- **INSTRUCTIONS TO FOLLOW**
Using the listing below, copy exactly the lines from the one containing "with fingers Airplane" to the one containing "Halved and scooped-out", both lines included, and no others.

- **MATERIAL SUPPLIED**
:::

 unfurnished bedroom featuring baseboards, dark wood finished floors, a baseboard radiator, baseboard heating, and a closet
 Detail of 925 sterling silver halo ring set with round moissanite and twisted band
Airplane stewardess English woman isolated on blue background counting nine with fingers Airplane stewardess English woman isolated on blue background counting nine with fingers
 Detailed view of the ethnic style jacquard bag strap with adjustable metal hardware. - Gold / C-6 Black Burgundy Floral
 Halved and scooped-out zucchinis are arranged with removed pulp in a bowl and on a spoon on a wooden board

:::

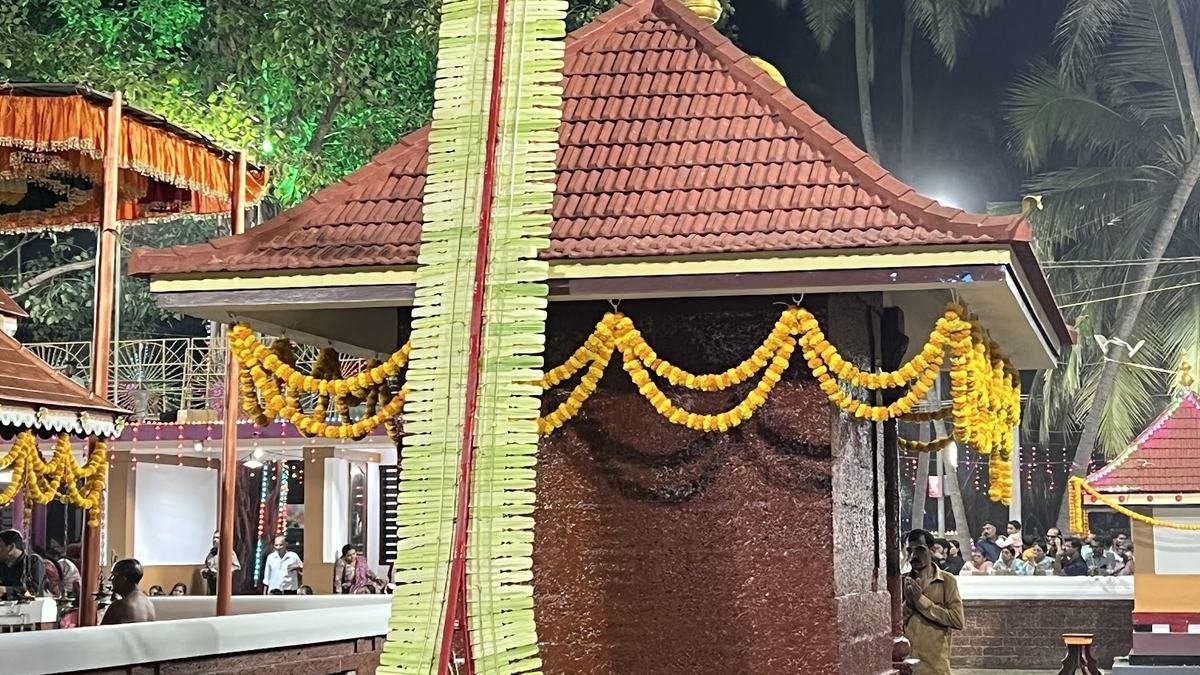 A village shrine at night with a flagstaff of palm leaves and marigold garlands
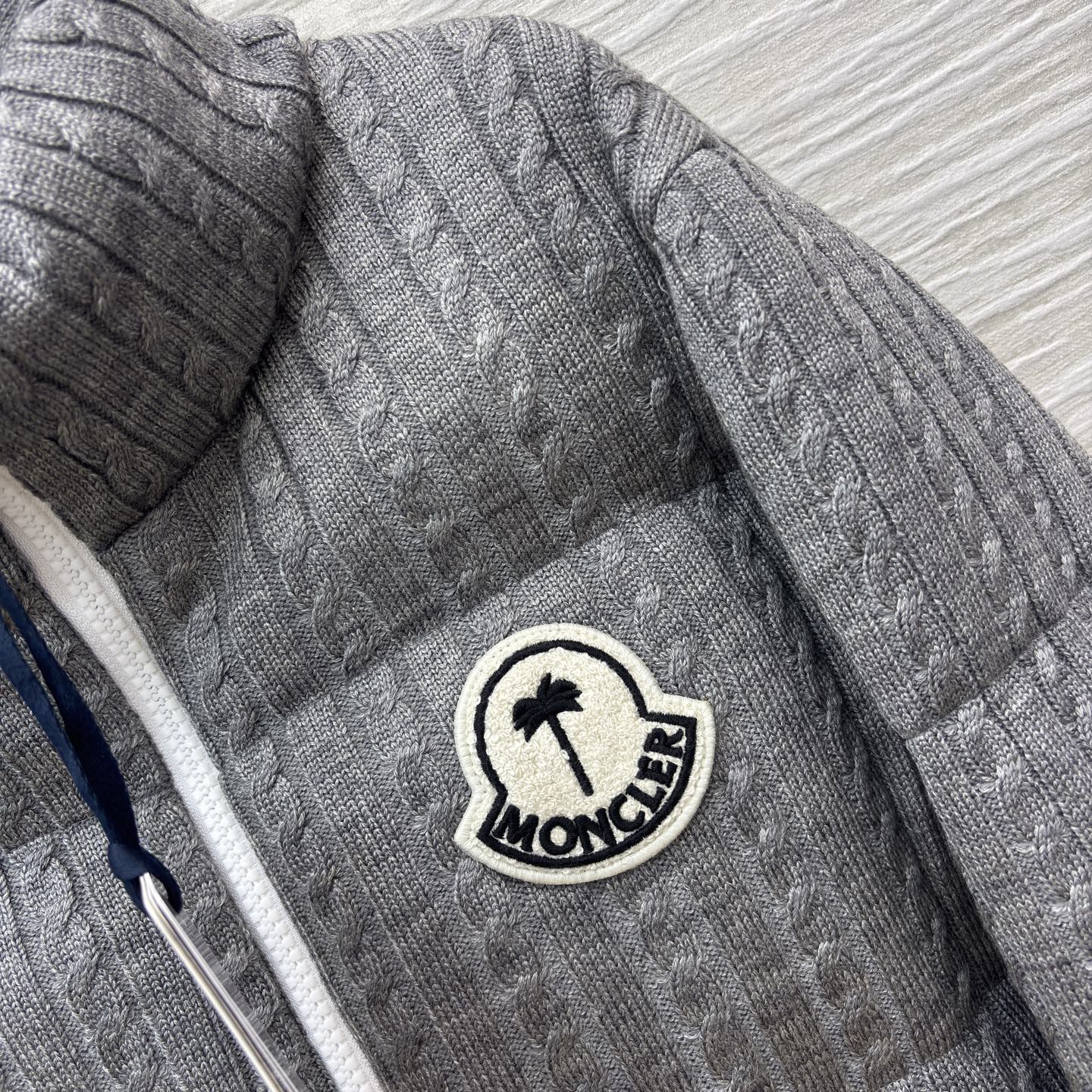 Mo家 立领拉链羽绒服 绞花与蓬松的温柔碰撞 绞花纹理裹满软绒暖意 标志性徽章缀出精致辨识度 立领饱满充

:::

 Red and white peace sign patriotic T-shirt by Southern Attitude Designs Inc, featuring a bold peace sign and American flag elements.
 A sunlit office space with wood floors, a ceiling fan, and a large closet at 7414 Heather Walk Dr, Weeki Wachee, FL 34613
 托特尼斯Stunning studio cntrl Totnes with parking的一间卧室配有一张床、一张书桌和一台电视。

:::

- **SOLUTION TO THE EXERCISE**
Airplane stewardess English woman isolated on blue background counting nine with fingers Airplane stewardess English woman isolated on blue background counting nine with fingers
 Detailed view of the ethnic style jacquard bag strap with adjustable metal hardware. - Gold / C-6 Black Burgundy Floral
 Halved and scooped-out zucchinis are arranged with removed pulp in a bowl and on a spoon on a wooden board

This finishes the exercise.